Coined by Peter Sterling and Joseph Eyer (1988) (9), the term ‘allostatic load’ refers to the cumulative negative effects of stress over an individual’s lifetime. Such stressors include, for example, poor diet, exposure to environmental toxins and destructive relationships. It is, ‘the price the body pays for being forced to adapt to various psychosocial challenges and adverse environments’ (10). Thus the root causes of chronic disease are complex and accumulate over a person’s lifetime. FM focuses on identifying and influencing the particular biochemical imbalances that have resulted from such stress inputs.
This is an emerging science that breaks from the historical norm of studying organisms part by part, and instead views the organism, ‘as an integrated and interacting network of genes, proteins and biochemical reactions which give rise to life’ (11). Studying the many complex interactions between biological components, and between an organism’s
genome and the external environmental influences, will, according to its proponents, ‘transform our understanding of human health and disease’.
That the function of the human body relies on myriad web-like interconnections within and between physiological pathways is an important principle of the Functional approach. Such a principle can explain how, ‘multiple factors can underly a single condition [of ill-health], and multiple conditions can be influenced by a single dysfunctional process or imbalanced system’ (12).
Nutrigenomics and pharmacogenomics
Nutrigenomics looks at the way in which nutrients can affect health specifically by altering genetic expression, while pharmacogenomics postulates that interventions and dosages should be different depending on the individual’s genetic make-up.

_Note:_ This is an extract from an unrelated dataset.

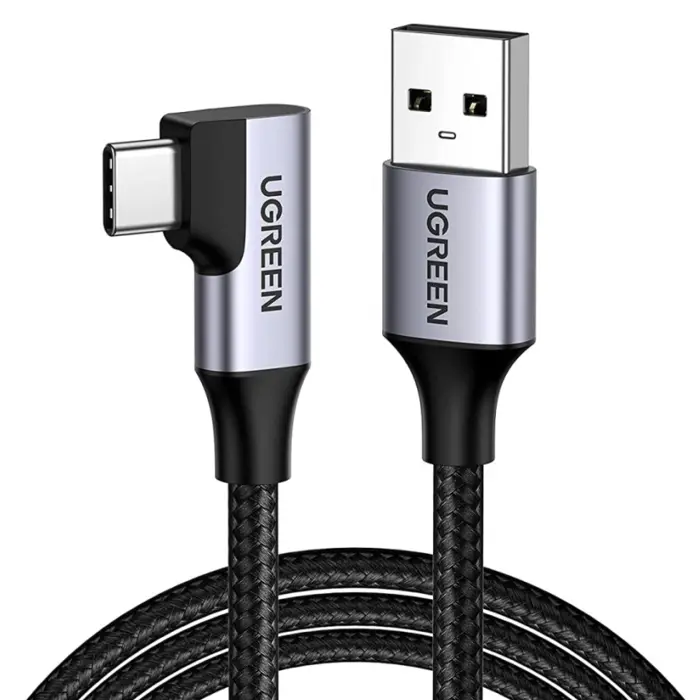 UGREEN kabel, kutni USB-C (M) na USB 18W, 3.0 A, 3A, 1m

There is a growing body of evidence that nutrients affect genes. For example, in endothelial cell membranes, omega-3 fatty acids have been found to modulate the expression of genes that code for adhesion molecules and pro-inflammatory enzymes, both of which are implicated in the aetiology of atherosclerosis (13). Similarly, the well-documented cardiovascular benefits of virgin olive oil polyphenols may in part be due to the down-regulation of pro-atherogenic genes (14).
With regard to pharmacogenomics, the Functional approach acknowledges the patient’s biochemical individuality and that it is the interaction of the patient’s unique set of genetic and environmental factors that cause the physiological imbalances that eventually lead to chronic disease. Accordingly, the patient is prescribed an individualised programme to meet his particular needs.

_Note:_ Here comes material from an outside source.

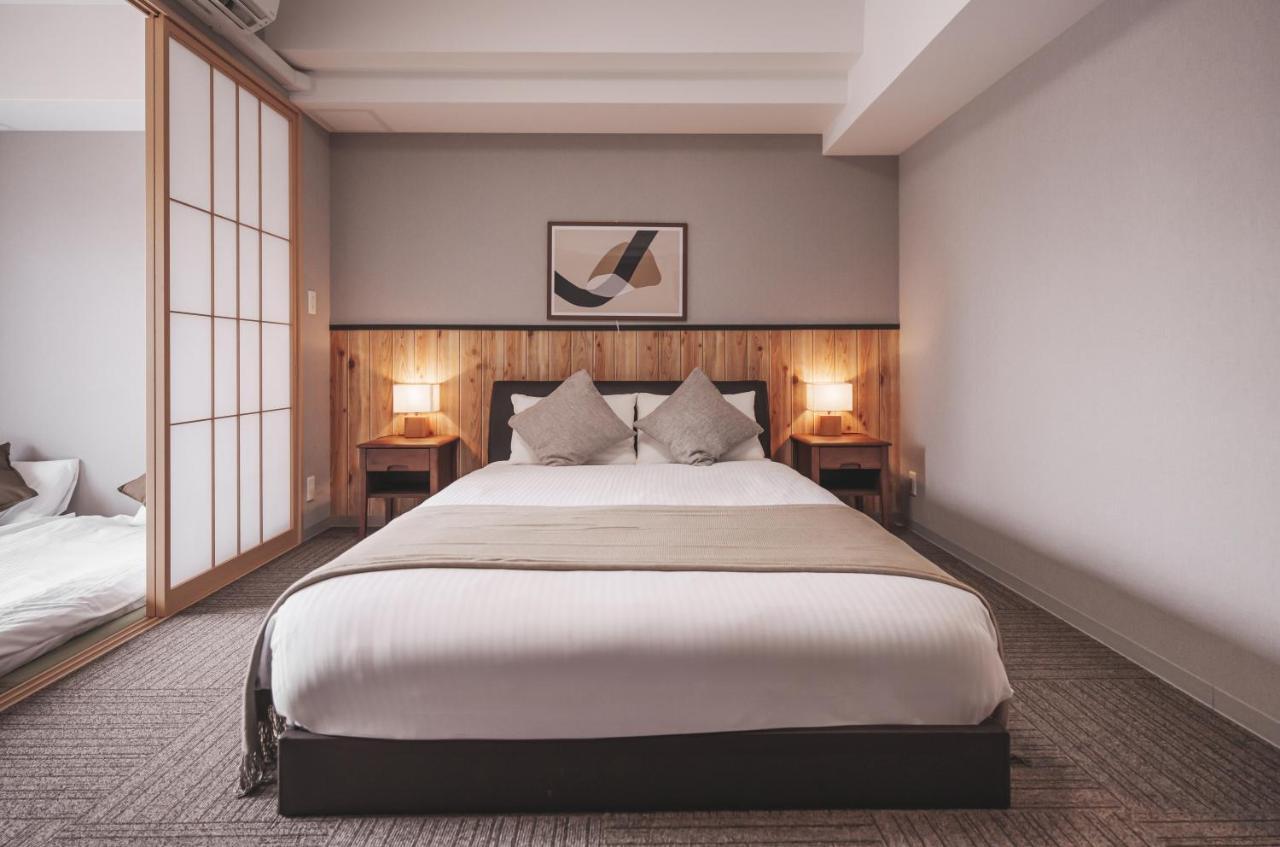川house道頓堀 Apartment โอซาก้า ภายนอก รูปภาพ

This point about the value of personalised programmes can be illustrated in the ongoing debate about what constitutes adequate micronutrient intake. When measuring dietary adequacy in the UK, the Department of Health (DoH) first establishes an ‘estimated average requirement’ (EAR) level for each nutrient. Next, it sets a ‘lower reference nutrient level’ (LRNI), which is up to 20% lower than the EAR. It then looks to identify the percentage of the population not meeting the LRNI (15). (RNIs – ‘reference nutrient intakes’ - are not used in such analyses because, according to the DoH, ‘Almost all people in the population need less than the reference nutrient intake’ (16).)
In sharp contrast to this, award-winning researchers like Professor Robert Heaney MD and Professor Bruce Ames believe that systems of average determinations are
inadequate because they do not take account of individual needs, especially with regard to genetic variations.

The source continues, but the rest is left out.